MORPHOLOGY-BASED NOISE REDUCTION: STRUCTURAL VARIATION AND THRESHOLDING IN THE BITONIC FILTER
G.M. Treece
August 2018
The bitonic filter was recently developed to embody the novel concept of using signal bitonicity to differentiate from noise. This is a combined linear/morphological operator, and the use of data ranking leads to good noise-reduction performance across smooth and disjoint signals alike. However, for processing images, the spatial extent of the bitonic filter was locally constrained to a fixed circular mask. Since natural images tend to have structure which varies over the image, a novel structurally varying bitonic filter is presented, in which the mask is locally adaptive to the signal in the image, but does not follow patterns in the noise. This new filter includes novel robust structurally varying morphological operations, for which an efficient implementation is also developed, and a novel formulation of non-iterative directional Gaussian filtering. Data thresholds are also integrated with the morphological operations, increasing noise reduction for low noise levels, and enabling the filter to be embodied in a multi-resolution framework for better performance at high noise levels.
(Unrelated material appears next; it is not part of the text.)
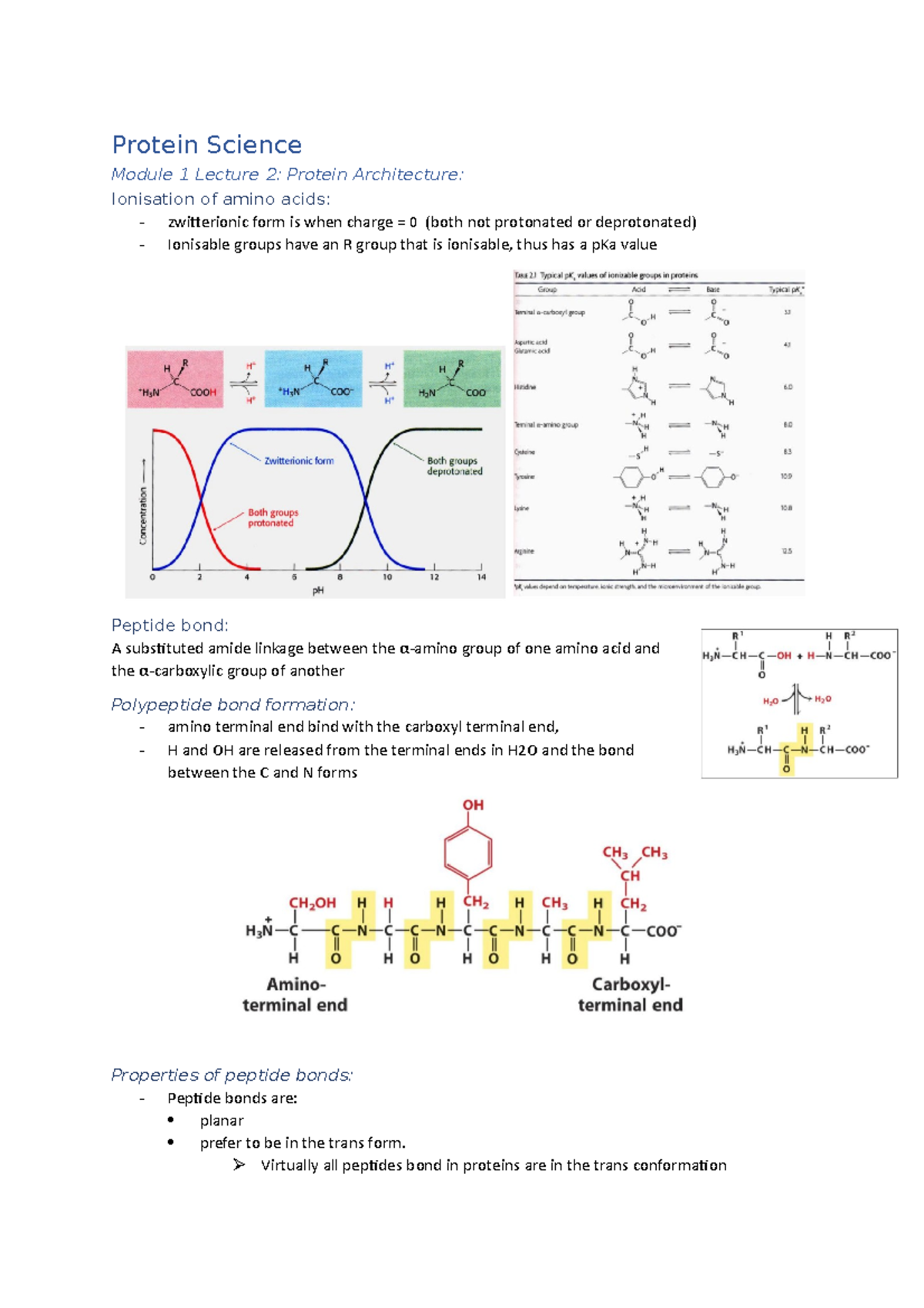 Protein Science Module 1, Lecture 2 - Virtually all peptides bond in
The structurally varying bitonic filter is presented in detail without presuming prior knowledge of morphological filtering, and compared to a number of high-performance linear noise-reduction filters, to set this novel concept in context. These are all tested over a very wide range of noise levels, on a fairly broad set of images, using conventional performance measures. The new filter is a considerable improvement on the fixed-mask bitonic, outperforms anisotropic diffusion and image-guided filtering at all but extremely low noise levels, non-local means at all noise levels, but not the block-matching 3D filter, except for very high noise. Nevertheless, the structurally varying bitonic tends to have less characteristic residual noise in regions of smooth signal, and very good preservation of signal edges, though with some loss of small scale detail when compared to the block-matching 3D filter. The efficient implementation means that processing time, though slower than the fixed-mask bitonic filter, remains competitive.